Storing stock data tick by tick, best way?

Hi,
I’m transalting csv stock data file tick to hdf5 file to mange efficently and rapid acess to the data,
I’m undecided whether to create:

  1. a single file for all stocks with a daily table for each share
  2. one file a day with data from all stocks divided into tables
  3. a file for each stock with a daily table
    my main problems are to be able to access data quickly by selecting the time frame for different stocks
    example:
    1 min for 10 days of 5 stocks
    1 min for 5 years of 5 stocks
    I have already considered using a hd ssd 1tb (expandable) dedicated to managing only the db
    I do not intend to use data compression because it would involve a problem in finding the data quickly and i think to use UTC time
    some suggestions?

check out H5CPP.ca, an easy to use template library, which is specifically designed for event based datasets such as HFT, supports most linear algebra libraries as well std::vector<your_pod_struct>.

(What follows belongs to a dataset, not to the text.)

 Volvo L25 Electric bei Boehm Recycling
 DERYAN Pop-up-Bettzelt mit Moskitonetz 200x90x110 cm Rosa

You could model data with an extendable dataset: cube or higher dimensions, and cross cut it to get the desired slice. Armadillo supports cubes out of the box; h5cpp partial read/write can map higher dimensional slices into vectors, matrices and cubes.

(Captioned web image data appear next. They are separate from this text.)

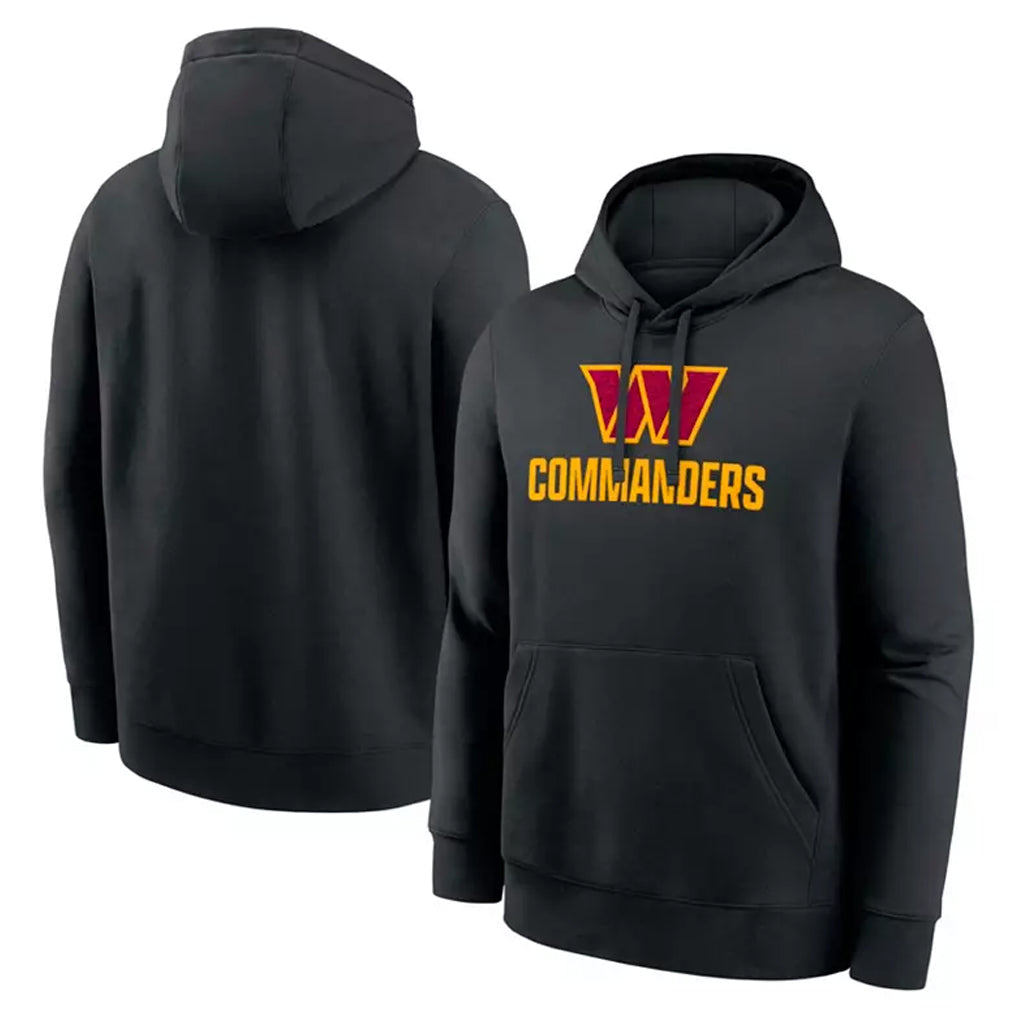 Jdoa W.Commanders Black Pullover Hoodies Home Game Blank Player Stitched Jerseys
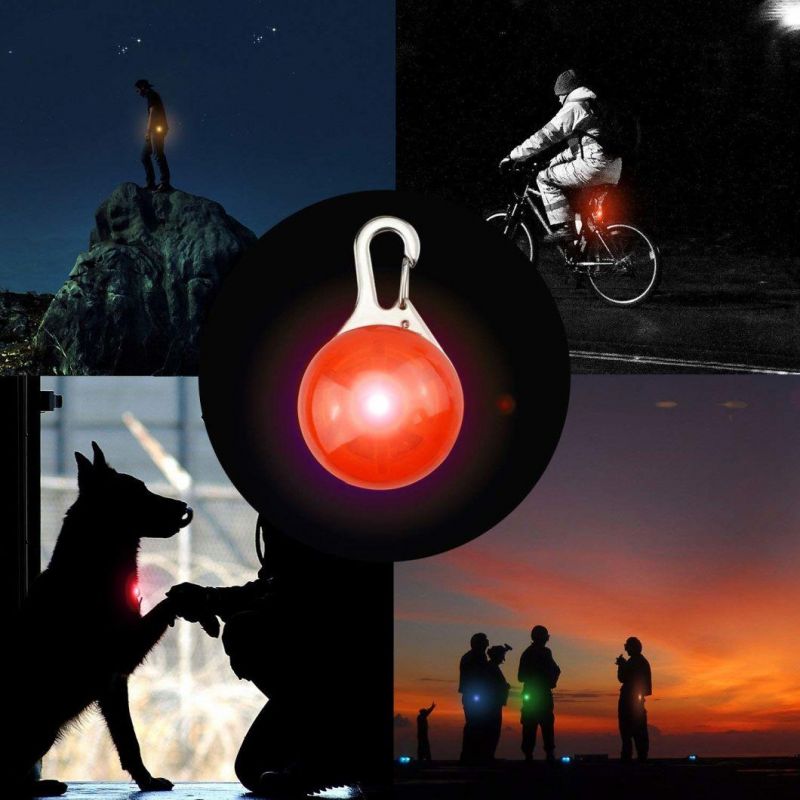 Clip-on Pet Dog Collar LED Light Dog Lights for Collars Waterproof Safety Lights of Dogs and Cats for Night Walking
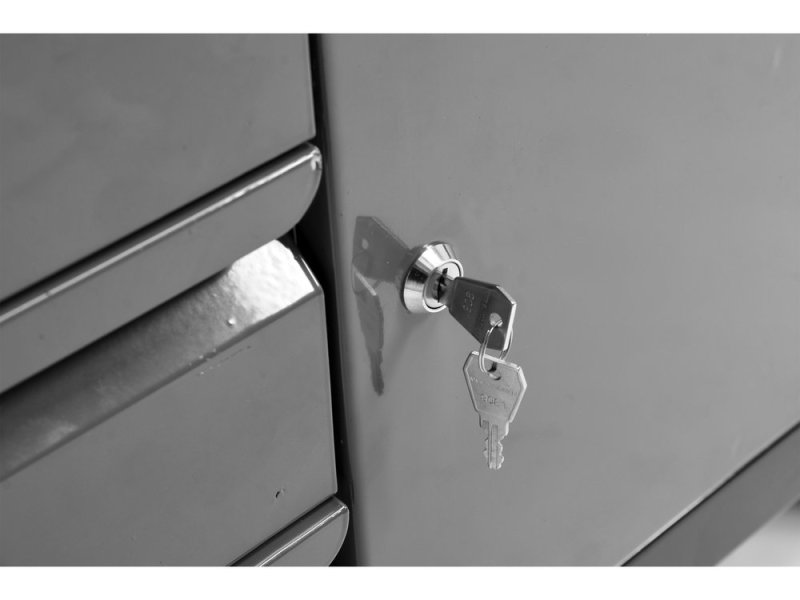 Верстак с тумбой VOREL 58455, 1160х600х840 мм, 5 ящиков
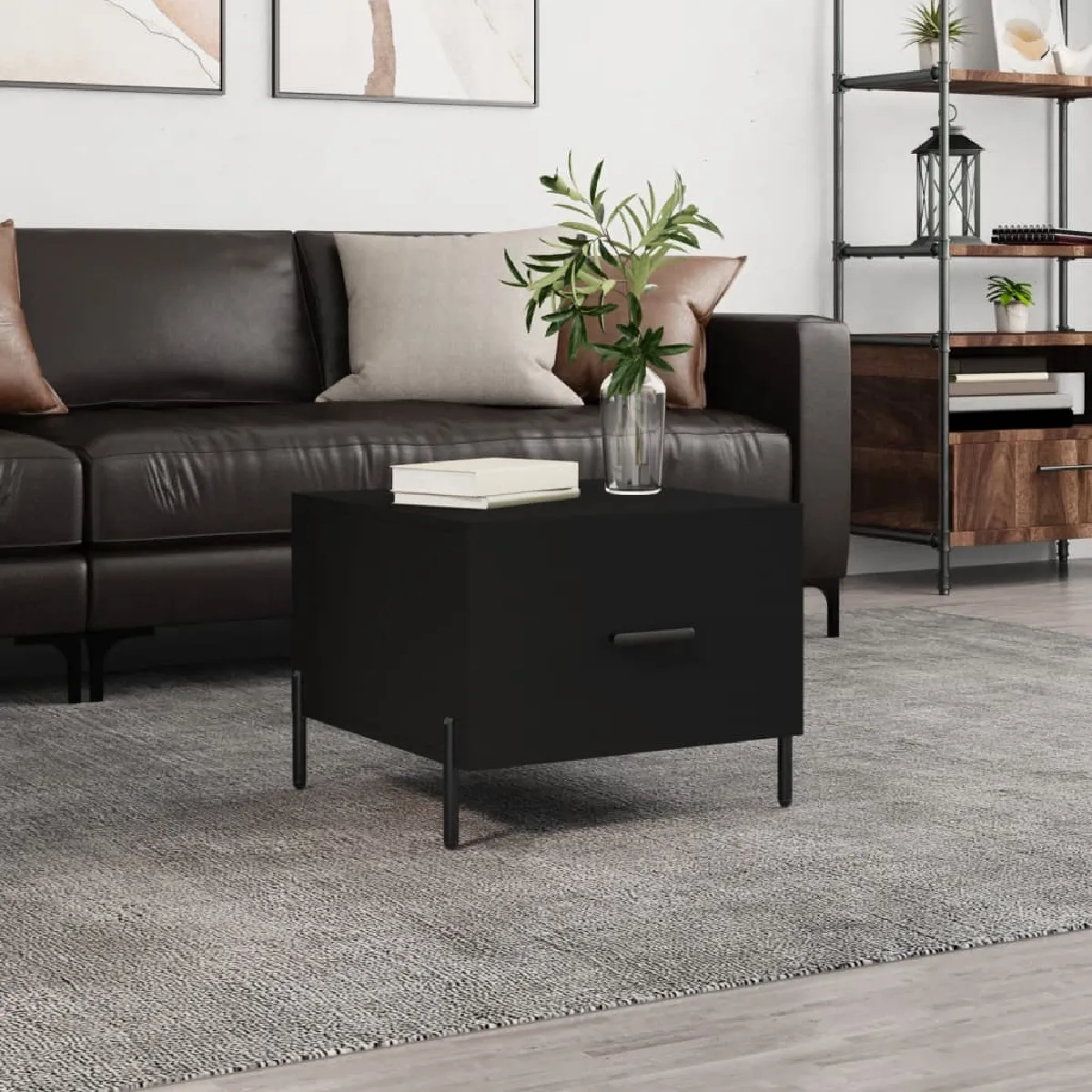 Vidaxl Noir Table Basse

h5::create(fd, {nminutes_in_day, ninstruments, H5_UNLIMITED}; // an extendable cube

A single dataset may be a good representation for read/write dataset, but harder to see how you organize trading days, etc… Therefore I prefer keeping HFT IRTS datasets in daily single streams and similarly RTS datasets in daily single matrices. Then use circular buffer to stitch them into a clock, which you can roll along days with a given set of days in view.

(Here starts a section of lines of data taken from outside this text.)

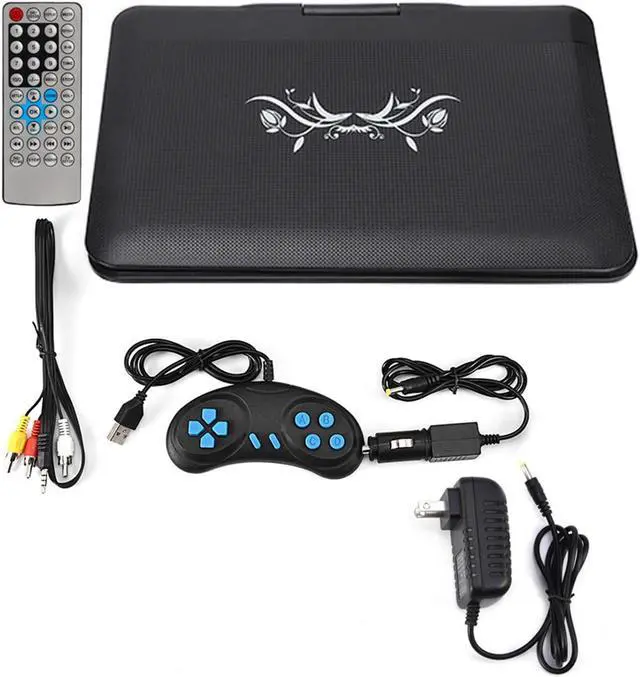 Main image of 13.9inch HD Portable Player, MP3/CD/TV Player with Swivel Screen Built-in Rechargeable Battery Supported Secure Digital Memory Card and USB Direct Play (US Plug 110-240V)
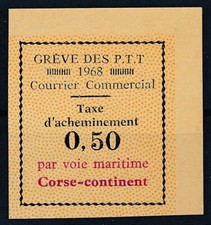 Timbre grève corse d'occasion  Dunkerque-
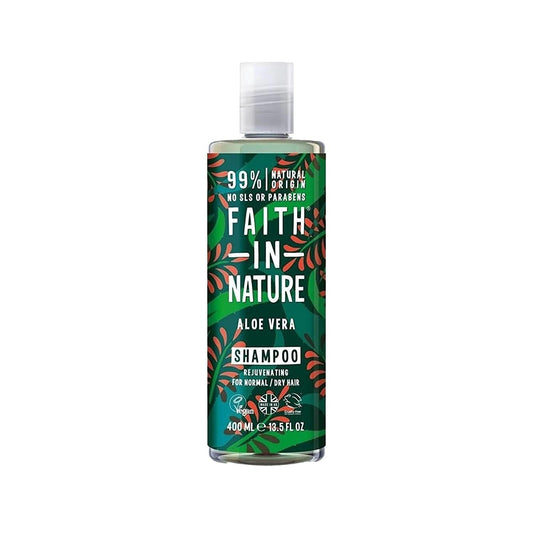 Faith In Nature Aloe Vera Shampoo for Normal to Dry Hair - Nourishing and Revitalizing, 13.53 fl oz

Tables are non homogeneous datasets, and clumsy to use straight out, nor can you place them into a linalg container, they are better to be represented as floats/doubles.

best wishes

steven

1 Like

We use the python library dask (installs easily with anaconda python). This lets you define datasets / arrays across memory and files using e.g. dask.array.concatenate. Then you can lay out files as you want across timeframes and disk systems.

Personally, on my desktop PC, I use the btrfs filesystem which can span multiple drives. Then you can get the disk(s) that make sense for you and don’t worry about physical devices too much.